First of a big thanks (literally, heh) I hope you enjoyed the first meeting of our little group. Very happy to see so many interested in FP, and glad to see the turnout for the “post-meeting” at the Kings Head.
Video
Links
Some of the links I mentioned in my talk:
- Monads are Elephants Parts 1, 2, 3, 4
- Extreme Cleverness: Functional Data Structures in Scala
- Brian Beckman (Microsoft) – Don’t fear the Monad
Followup for Pure Functions w.r.t. Setters/Getters
I did some further digging, posting a question on Stack Exchange about Setters/Getters in Functional Programming. Daniel Sobral (very learned in the Scala community) answered with what Amir had brought up, you essentially get a new copy of the object on which you invoked the setter. The new object has the modified property value. Further to that, he pointed out the “copy” method of Case classes in Scala. Essentially you can use it like this:
val modEmployee = origEmployee.copy(salary = 50000)

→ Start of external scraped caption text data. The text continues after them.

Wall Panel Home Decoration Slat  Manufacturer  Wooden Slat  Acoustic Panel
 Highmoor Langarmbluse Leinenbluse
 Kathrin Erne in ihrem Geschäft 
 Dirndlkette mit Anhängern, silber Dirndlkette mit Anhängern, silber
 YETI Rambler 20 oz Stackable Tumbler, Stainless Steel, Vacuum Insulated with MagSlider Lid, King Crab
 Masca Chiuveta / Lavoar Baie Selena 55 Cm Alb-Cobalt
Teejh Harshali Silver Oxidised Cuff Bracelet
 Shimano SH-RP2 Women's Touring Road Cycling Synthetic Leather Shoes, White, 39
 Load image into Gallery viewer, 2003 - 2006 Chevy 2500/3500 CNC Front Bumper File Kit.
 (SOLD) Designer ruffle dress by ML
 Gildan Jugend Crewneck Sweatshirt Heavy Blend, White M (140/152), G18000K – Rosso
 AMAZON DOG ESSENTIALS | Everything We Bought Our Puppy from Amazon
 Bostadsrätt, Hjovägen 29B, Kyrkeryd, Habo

Now modEmployee contains a copy of origEmployee with the modified salary property. Referential transparency of the getter for the salary property is maintained because the origEmployee’s salary remains the same and anyone with a reference to it doesn’t see the change at all.
IRC
I think I understand now that referential transparency doesn’t mean the thing can’t modify the database, because database is not part of the program, so there are no side effect within the program.